For increased clarity, they can be placed on different lines instead:

<book>

<chapter>
<section>...</section>
<section>...</section>
</chapter>

<chapter>
<section>...</section>
<section>...</section>
</chapter>

</book>

For even greater clarity, it is common practice (at least in example documents) to indent embedded elements. In the following example, the start and end of each chapter is easy to see at a glance:

<book>
  <chapter>
    <section>...</section>
    <section>...</section>
  </chapter>
  <chapter>
    <section>...</section>
    <section>...</section>
  </chapter>
</book>

The following example shows a fictional XML application for handling quotations. In this example, it is clear to see that the publication and author details are both part of the citation:

<quotation>
  <quoteText>The surest way to make a monkey of a man
  is to quote him</quoteText>
  <citation>
    <publication>Quick Quotations</publication>
    <author>
      <name>Robert Benchley</name>
      <born>1889</born>
      <died>1945</died>
    </author>
  </citation>
</quotation>

Mixed content

Sometimes, it is permitted for an element to contain both text and other elements. This is called mixed content, though in some cases the content will happen to be just element or just text. In the following example, a paragraph contains both text and Name elements:

						<para>The <name>XML</name> standard was
released today by the <name>W3C</name>.</para>
					

Line-ending codes are significant in text content. The example above shows the ideal, or safe way to format the content of a mixed content element. The line-end code after the word 'was' should be considered equivalent to a space character by an application that is formatting the text for display or print (there is much more information on line-ending and space significance in Chapter 8).

Element content

An element that does not directly contain text, but does contain other elements, is said to have element content.
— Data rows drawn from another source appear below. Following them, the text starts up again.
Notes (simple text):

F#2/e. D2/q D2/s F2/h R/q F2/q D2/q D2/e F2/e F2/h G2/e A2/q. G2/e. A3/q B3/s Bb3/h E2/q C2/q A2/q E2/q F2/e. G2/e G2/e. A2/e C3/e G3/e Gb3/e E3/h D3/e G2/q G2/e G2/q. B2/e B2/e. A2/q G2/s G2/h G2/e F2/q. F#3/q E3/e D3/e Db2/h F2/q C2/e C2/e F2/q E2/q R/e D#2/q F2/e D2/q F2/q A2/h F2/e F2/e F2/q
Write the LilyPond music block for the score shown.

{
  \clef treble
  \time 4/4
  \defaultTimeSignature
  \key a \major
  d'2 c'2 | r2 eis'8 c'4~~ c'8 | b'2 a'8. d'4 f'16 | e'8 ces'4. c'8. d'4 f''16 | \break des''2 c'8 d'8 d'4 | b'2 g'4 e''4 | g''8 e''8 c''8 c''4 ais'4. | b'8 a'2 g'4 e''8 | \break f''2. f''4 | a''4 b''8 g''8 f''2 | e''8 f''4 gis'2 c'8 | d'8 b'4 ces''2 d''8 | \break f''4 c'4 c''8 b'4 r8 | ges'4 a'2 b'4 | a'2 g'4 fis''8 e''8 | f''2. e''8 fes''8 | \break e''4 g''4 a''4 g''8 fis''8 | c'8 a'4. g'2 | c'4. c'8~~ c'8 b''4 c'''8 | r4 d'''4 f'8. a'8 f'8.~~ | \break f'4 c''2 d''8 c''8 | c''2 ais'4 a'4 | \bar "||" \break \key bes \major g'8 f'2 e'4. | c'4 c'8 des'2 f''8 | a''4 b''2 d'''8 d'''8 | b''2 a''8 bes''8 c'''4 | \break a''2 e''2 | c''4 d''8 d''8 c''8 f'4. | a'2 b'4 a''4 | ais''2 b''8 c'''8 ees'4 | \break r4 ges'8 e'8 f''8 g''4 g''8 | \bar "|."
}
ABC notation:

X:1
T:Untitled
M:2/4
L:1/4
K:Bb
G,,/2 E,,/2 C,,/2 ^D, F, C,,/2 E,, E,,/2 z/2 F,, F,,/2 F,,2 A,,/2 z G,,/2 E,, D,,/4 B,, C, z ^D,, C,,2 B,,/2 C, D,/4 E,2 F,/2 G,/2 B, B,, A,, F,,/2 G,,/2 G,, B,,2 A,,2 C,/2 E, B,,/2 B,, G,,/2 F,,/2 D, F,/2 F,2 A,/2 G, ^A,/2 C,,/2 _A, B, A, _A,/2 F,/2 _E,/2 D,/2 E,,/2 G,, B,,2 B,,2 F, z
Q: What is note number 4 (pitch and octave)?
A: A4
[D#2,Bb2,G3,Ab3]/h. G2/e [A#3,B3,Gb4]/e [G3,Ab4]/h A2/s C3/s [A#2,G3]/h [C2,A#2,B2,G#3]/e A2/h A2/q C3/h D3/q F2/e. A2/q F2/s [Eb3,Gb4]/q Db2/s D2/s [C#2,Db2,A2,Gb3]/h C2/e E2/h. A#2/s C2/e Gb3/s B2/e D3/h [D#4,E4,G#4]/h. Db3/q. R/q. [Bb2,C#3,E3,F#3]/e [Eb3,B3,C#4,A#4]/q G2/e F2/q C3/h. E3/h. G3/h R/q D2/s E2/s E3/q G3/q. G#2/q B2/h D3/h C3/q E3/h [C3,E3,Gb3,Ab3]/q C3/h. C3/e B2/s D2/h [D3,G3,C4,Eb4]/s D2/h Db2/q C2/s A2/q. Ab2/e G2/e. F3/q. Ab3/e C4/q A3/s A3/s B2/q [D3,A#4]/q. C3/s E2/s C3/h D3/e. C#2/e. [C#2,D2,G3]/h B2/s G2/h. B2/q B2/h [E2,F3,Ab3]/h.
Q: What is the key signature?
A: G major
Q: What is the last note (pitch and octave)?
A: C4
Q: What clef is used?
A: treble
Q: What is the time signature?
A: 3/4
For example, it would not usually be reasonable for a Book element to directly contain text. Instead, it may contain Title, Preamble and Chapter elements.

Unless a DTD is in use, it is not possible to know for certain that an element has only element content. A human reader may make reasonable deductions from the name of the element, but software cannot reach such conclusions so easily. Just because there is no actual text between the elements, this does not mean that there cannot ever be. Whether this matters or not depends on a number of factors, mainly concerned with how an application might interpret line-end codes, and also has implications for advanced hypertext linking schemes.

Recursion

Some hierarchical structures may be recursive. This means that an element may directly or indirectly contain other instances of the same type. The term nested element is also used to describe an element that is embedded within another element of the same type. In a typical example, a list consists of a number of items, and one of the items contains a further complete sub-list. Some of the List and Item elements are therefore nested:



However, this leads to the possibility of infinite recursion, which may cause problems for processing or publishing software. It is not possible to limit the degree of recursion once it has been allowed at all by the DTD:

<book>
  <chapter>

    <list>
      <item>...</item>
      <item>

        <list>
          <item>...</item>
          <item>

            <list>
              <item>...</item>
              <item>...</item>
              <item>

                <list>
                  ...

Contextual significance

A book such as this one contains many titles. Apart from the title of the book itself, each chapter, section and sub-section also has one. A different element type could be defined for each usage, with names such as BookTitle, ChapterTitle, SectionTitle and SubSectionTitle.

But this approach is both unwieldy and unnecessary. Document authors, in particular, should not need to have to learn so many element types (though readers familiar with stylesheets in DTP software and word-processors will be familiar with this requirement).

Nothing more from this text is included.